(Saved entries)
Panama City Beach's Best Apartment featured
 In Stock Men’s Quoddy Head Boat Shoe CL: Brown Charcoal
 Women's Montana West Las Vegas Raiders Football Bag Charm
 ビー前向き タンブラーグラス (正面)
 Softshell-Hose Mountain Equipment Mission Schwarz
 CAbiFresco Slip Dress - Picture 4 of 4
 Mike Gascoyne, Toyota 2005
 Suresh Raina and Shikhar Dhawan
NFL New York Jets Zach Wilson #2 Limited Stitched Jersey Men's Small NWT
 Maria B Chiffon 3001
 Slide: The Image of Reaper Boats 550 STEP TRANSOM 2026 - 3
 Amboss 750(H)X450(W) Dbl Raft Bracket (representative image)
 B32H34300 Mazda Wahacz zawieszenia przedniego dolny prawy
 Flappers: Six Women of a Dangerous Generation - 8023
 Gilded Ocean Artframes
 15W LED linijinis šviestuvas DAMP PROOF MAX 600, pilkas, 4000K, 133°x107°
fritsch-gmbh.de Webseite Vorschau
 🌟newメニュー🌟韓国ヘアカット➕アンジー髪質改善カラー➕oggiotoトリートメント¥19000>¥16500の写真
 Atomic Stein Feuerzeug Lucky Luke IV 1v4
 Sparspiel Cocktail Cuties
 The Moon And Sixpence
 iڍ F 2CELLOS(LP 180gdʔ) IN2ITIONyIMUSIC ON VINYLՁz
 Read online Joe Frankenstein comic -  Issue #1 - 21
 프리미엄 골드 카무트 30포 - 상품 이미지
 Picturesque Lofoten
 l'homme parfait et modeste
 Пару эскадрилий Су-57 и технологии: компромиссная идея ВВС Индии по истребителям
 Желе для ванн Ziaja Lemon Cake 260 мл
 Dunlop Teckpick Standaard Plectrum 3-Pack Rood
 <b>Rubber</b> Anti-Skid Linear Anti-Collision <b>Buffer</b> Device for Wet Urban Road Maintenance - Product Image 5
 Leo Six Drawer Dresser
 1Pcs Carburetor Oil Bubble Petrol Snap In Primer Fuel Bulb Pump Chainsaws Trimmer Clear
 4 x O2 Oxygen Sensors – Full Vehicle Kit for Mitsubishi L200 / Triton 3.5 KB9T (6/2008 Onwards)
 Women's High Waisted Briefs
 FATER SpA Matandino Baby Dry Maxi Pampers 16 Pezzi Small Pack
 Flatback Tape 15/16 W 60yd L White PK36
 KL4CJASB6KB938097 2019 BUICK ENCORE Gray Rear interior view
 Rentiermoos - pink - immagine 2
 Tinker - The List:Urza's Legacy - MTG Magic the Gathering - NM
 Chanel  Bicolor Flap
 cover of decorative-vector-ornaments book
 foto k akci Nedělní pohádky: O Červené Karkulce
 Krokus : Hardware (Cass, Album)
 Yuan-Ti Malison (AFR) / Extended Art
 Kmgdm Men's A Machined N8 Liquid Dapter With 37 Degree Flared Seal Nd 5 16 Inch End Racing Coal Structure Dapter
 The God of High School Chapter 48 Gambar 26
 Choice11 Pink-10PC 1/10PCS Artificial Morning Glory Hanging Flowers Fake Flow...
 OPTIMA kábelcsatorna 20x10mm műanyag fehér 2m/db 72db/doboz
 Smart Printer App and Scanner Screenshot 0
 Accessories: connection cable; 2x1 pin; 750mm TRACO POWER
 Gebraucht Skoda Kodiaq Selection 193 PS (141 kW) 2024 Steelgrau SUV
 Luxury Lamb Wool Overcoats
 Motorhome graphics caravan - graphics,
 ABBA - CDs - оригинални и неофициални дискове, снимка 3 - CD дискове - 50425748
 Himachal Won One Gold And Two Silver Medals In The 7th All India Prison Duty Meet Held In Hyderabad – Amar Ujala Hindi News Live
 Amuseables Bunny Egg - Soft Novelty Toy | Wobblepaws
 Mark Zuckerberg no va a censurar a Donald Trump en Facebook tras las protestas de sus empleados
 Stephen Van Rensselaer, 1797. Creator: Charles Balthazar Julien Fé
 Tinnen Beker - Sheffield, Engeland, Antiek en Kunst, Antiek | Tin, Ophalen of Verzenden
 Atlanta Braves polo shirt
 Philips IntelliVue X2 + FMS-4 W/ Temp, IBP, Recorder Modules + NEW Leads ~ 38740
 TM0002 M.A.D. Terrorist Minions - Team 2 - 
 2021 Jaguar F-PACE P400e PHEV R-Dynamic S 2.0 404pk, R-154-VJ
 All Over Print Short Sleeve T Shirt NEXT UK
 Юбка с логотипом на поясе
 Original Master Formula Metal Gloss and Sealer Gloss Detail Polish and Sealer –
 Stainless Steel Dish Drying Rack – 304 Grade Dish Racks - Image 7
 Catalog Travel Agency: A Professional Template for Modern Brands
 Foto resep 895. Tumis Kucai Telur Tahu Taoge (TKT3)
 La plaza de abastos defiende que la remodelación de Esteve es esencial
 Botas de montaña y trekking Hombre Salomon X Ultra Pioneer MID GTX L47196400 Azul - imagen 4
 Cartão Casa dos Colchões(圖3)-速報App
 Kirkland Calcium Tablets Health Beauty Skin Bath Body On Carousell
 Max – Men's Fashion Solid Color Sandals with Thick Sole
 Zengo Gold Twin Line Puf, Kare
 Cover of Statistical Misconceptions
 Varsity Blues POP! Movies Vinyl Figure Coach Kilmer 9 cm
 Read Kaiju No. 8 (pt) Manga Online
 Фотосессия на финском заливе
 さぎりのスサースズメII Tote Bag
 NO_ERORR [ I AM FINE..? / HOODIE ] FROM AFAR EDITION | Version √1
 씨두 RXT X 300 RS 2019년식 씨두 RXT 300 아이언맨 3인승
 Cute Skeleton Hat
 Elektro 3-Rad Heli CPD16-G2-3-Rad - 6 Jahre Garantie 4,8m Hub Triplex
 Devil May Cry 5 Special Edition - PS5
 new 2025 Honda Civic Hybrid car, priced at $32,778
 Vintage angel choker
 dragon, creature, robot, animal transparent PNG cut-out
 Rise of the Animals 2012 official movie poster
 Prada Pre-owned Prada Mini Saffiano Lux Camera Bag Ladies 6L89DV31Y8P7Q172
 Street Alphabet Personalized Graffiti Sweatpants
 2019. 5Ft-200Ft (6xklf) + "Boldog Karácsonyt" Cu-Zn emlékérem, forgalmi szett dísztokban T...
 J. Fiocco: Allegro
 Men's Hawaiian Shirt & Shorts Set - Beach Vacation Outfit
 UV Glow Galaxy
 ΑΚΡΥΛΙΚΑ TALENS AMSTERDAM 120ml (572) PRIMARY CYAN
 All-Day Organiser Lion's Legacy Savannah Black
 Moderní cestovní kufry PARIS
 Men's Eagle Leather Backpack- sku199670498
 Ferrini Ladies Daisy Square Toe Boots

## TASK BRIEF
Repeat the data above in full, word for word.

## YOUR SOLUTION
Panama City Beach's Best Apartment featured
 In Stock Men’s Quoddy Head Boat Shoe CL: Brown Charcoal
 Women's Montana West Las Vegas Raiders Football Bag Charm
 ビー前向き タンブラーグラス (正面)
 Softshell-Hose Mountain Equipment Mission Schwarz
 CAbiFresco Slip Dress - Picture 4 of 4
 Mike Gascoyne, Toyota 2005
 Suresh Raina and Shikhar Dhawan
NFL New York Jets Zach Wilson #2 Limited Stitched Jersey Men's Small NWT
 Maria B Chiffon 3001
 Slide: The Image of Reaper Boats 550 STEP TRANSOM 2026 - 3
 Amboss 750(H)X450(W) Dbl Raft Bracket (representative image)
 B32H34300 Mazda Wahacz zawieszenia przedniego dolny prawy
 Flappers: Six Women of a Dangerous Generation - 8023
 Gilded Ocean Artframes
 15W LED linijinis šviestuvas DAMP PROOF MAX 600, pilkas, 4000K, 133°x107°
fritsch-gmbh.de Webseite Vorschau
 🌟newメニュー🌟韓国ヘアカット➕アンジー髪質改善カラー➕oggiotoトリートメント¥19000>¥16500の写真
 Atomic Stein Feuerzeug Lucky Luke IV 1v4
 Sparspiel Cocktail Cuties
 The Moon And Sixpence
 iڍ F 2CELLOS(LP 180gdʔ) IN2ITIONyIMUSIC ON VINYLՁz
 Read online Joe Frankenstein comic -  Issue #1 - 21
 프리미엄 골드 카무트 30포 - 상품 이미지
 Picturesque Lofoten
 l'homme parfait et modeste
 Пару эскадрилий Су-57 и технологии: компромиссная идея ВВС Индии по истребителям
 Желе для ванн Ziaja Lemon Cake 260 мл
 Dunlop Teckpick Standaard Plectrum 3-Pack Rood
 <b>Rubber</b> Anti-Skid Linear Anti-Collision <b>Buffer</b> Device for Wet Urban Road Maintenance - Product Image 5
 Leo Six Drawer Dresser
 1Pcs Carburetor Oil Bubble Petrol Snap In Primer Fuel Bulb Pump Chainsaws Trimmer Clear
 4 x O2 Oxygen Sensors – Full Vehicle Kit for Mitsubishi L200 / Triton 3.5 KB9T (6/2008 Onwards)
 Women's High Waisted Briefs
 FATER SpA Matandino Baby Dry Maxi Pampers 16 Pezzi Small Pack
 Flatback Tape 15/16 W 60yd L White PK36
 KL4CJASB6KB938097 2019 BUICK ENCORE Gray Rear interior view
 Rentiermoos - pink - immagine 2
 Tinker - The List:Urza's Legacy - MTG Magic the Gathering - NM
 Chanel  Bicolor Flap
 cover of decorative-vector-ornaments book
 foto k akci Nedělní pohádky: O Červené Karkulce
 Krokus : Hardware (Cass, Album)
 Yuan-Ti Malison (AFR) / Extended Art
 Kmgdm Men's A Machined N8 Liquid Dapter With 37 Degree Flared Seal Nd 5 16 Inch End Racing Coal Structure Dapter
 The God of High School Chapter 48 Gambar 26
 Choice11 Pink-10PC 1/10PCS Artificial Morning Glory Hanging Flowers Fake Flow...
 OPTIMA kábelcsatorna 20x10mm műanyag fehér 2m/db 72db/doboz
 Smart Printer App and Scanner Screenshot 0
 Accessories: connection cable; 2x1 pin; 750mm TRACO POWER
 Gebraucht Skoda Kodiaq Selection 193 PS (141 kW) 2024 Steelgrau SUV
 Luxury Lamb Wool Overcoats
 Motorhome graphics caravan - graphics,
 ABBA - CDs - оригинални и неофициални дискове, снимка 3 - CD дискове - 50425748
 Himachal Won One Gold And Two Silver Medals In The 7th All India Prison Duty Meet Held In Hyderabad – Amar Ujala Hindi News Live
 Amuseables Bunny Egg - Soft Novelty Toy | Wobblepaws
 Mark Zuckerberg no va a censurar a Donald Trump en Facebook tras las protestas de sus empleados
 Stephen Van Rensselaer, 1797. Creator: Charles Balthazar Julien Fé
 Tinnen Beker - Sheffield, Engeland, Antiek en Kunst, Antiek | Tin, Ophalen of Verzenden
 Atlanta Braves polo shirt
 Philips IntelliVue X2 + FMS-4 W/ Temp, IBP, Recorder Modules + NEW Leads ~ 38740
 TM0002 M.A.D. Terrorist Minions - Team 2 - 
 2021 Jaguar F-PACE P400e PHEV R-Dynamic S 2.0 404pk, R-154-VJ
 All Over Print Short Sleeve T Shirt NEXT UK
 Юбка с логотипом на поясе
 Original Master Formula Metal Gloss and Sealer Gloss Detail Polish and Sealer –
 Stainless Steel Dish Drying Rack – 304 Grade Dish Racks - Image 7
 Catalog Travel Agency: A Professional Template for Modern Brands
 Foto resep 895. Tumis Kucai Telur Tahu Taoge (TKT3)
 La plaza de abastos defiende que la remodelación de Esteve es esencial
 Botas de montaña y trekking Hombre Salomon X Ultra Pioneer MID GTX L47196400 Azul - imagen 4
 Cartão Casa dos Colchões(圖3)-速報App
 Kirkland Calcium Tablets Health Beauty Skin Bath Body On Carousell
 Max – Men's Fashion Solid Color Sandals with Thick Sole
 Zengo Gold Twin Line Puf, Kare
 Cover of Statistical Misconceptions
 Varsity Blues POP! Movies Vinyl Figure Coach Kilmer 9 cm
 Read Kaiju No. 8 (pt) Manga Online
 Фотосессия на финском заливе
 さぎりのスサースズメII Tote Bag
 NO_ERORR [ I AM FINE..? / HOODIE ] FROM AFAR EDITION | Version √1
 씨두 RXT X 300 RS 2019년식 씨두 RXT 300 아이언맨 3인승
 Cute Skeleton Hat
 Elektro 3-Rad Heli CPD16-G2-3-Rad - 6 Jahre Garantie 4,8m Hub Triplex
 Devil May Cry 5 Special Edition - PS5
 new 2025 Honda Civic Hybrid car, priced at $32,778
 Vintage angel choker
 dragon, creature, robot, animal transparent PNG cut-out
 Rise of the Animals 2012 official movie poster
 Prada Pre-owned Prada Mini Saffiano Lux Camera Bag Ladies 6L89DV31Y8P7Q172
 Street Alphabet Personalized Graffiti Sweatpants
 2019. 5Ft-200Ft (6xklf) + "Boldog Karácsonyt" Cu-Zn emlékérem, forgalmi szett dísztokban T...
 J. Fiocco: Allegro
 Men's Hawaiian Shirt & Shorts Set - Beach Vacation Outfit
 UV Glow Galaxy
 ΑΚΡΥΛΙΚΑ TALENS AMSTERDAM 120ml (572) PRIMARY CYAN
 All-Day Organiser Lion's Legacy Savannah Black
 Moderní cestovní kufry PARIS
 Men's Eagle Leather Backpack- sku199670498
 Ferrini Ladies Daisy Square Toe Boots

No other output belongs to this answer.